Remember the days when Marvel couldn’t make engaging villains? Now they have a whole movie full of them, and it looks like their best offering in years. This is the gleefully nuts 1st trailer for Thunderbolts.

Yelena Belova (Florence Pugh) confesses to her sympathetic washed-up superhero father Alexei (David Harbour) that she feels lost and unfulfilled, despite her job as a hitman for CIA agent Valentina De Fontaine (Julia Louis-Dreyfus). On a covert mission, Belova crosses paths with John Walker (Wyatt Russell) and Ghost (Hannah John-Kamen), both working as covert agents.

Alongside a mysterious man named Bob (Lewis Pullman) who doesn’t understand how he got there, the motley crew is brought before De Fontaine, who explains that only bad people truly exist in the world. Intercut are scenes of Bucky Barnes (Sebastian Stan) working in the US government before donning the Winter Soldier garb once more.

As each of the morally dubious vigilantes works through their own issues, they’re forced into a mission more dangerous than any of them could have every imagined.

Thunderbolts (2025) – source: [Marvel Studios]Marvel Studios’ recent films have often felt overwrought, struggling under the weight of the sprawling cinematic universe each new piece must fit into. Thunderbolts feels like the first film that attempts to lead with thematic resonance, allowing worldbuilding to naturally flow rather than the other way around.

Many of these characters felt like extraneous pieces of the IP they were introduced in. There was a collective eye-roll as the public thought, “well, now they’ll have to make a spinoff about *x*, oh great”. This meta-relationship sells the “spare parts” theme of the film better than any writing ever could. The 1st trailer, interestingly, is quite low on spectacle, letting the mental states of the lead characters guide the plot.

The character work feels more raw than the goofier portrayals throughout much of Stage V. Pugh and Harbour, specifically, have a warmth and relatability that sell underdog heroism more than any quippy sass-master ever could. Louis-Dreyfus continues her snide overlord shtick to perfection, while wild card Pullman imbues “Bob” AKA Sentry with a puppy-dog charm masking a sinister underbelly. For those who don’t know, Sentry is essentially schizophrenic Superman in the comics. Brief shots of Bob’s mask slipping provide the trailer’s most spine-tingling moments.

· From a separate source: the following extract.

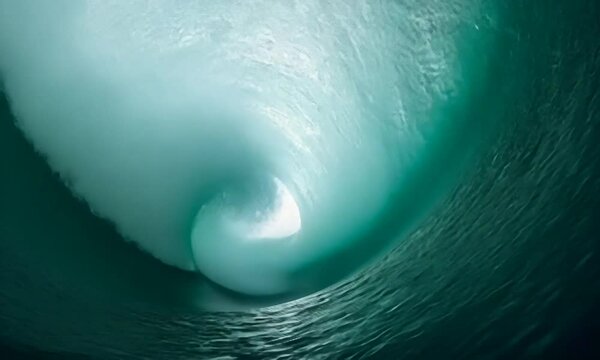 A large wave is crashing into the ocean, creating a powerful and dynamic scene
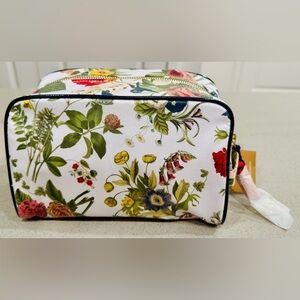 Pottery Barn Tami Cosmetic Makeup Travel Bag Floral Botanical Retired NWT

The visual department has also stepped up its game, with the action having a grounded and sparser palette it than recent CGI fests. It feels like a very conscious deconstruction of a franchise that has tried to top itself so often that its spectacle has lost all meaning. If the 1st trailer is anything to go by, Thunderbolts could signal an ideological change in Marvel far beyond any storyline pivots. A marked return to character could be just what the doctor ordered for Marvel to reign supreme over 2025’s box office once more.

Directed by Jake Schreier, Thunderbolts will be released theatrically in the US on May 2, 2025. The movie stars an ensemble cast led by Sebastian Stan, Florence Pugh, and Lewis Pullman.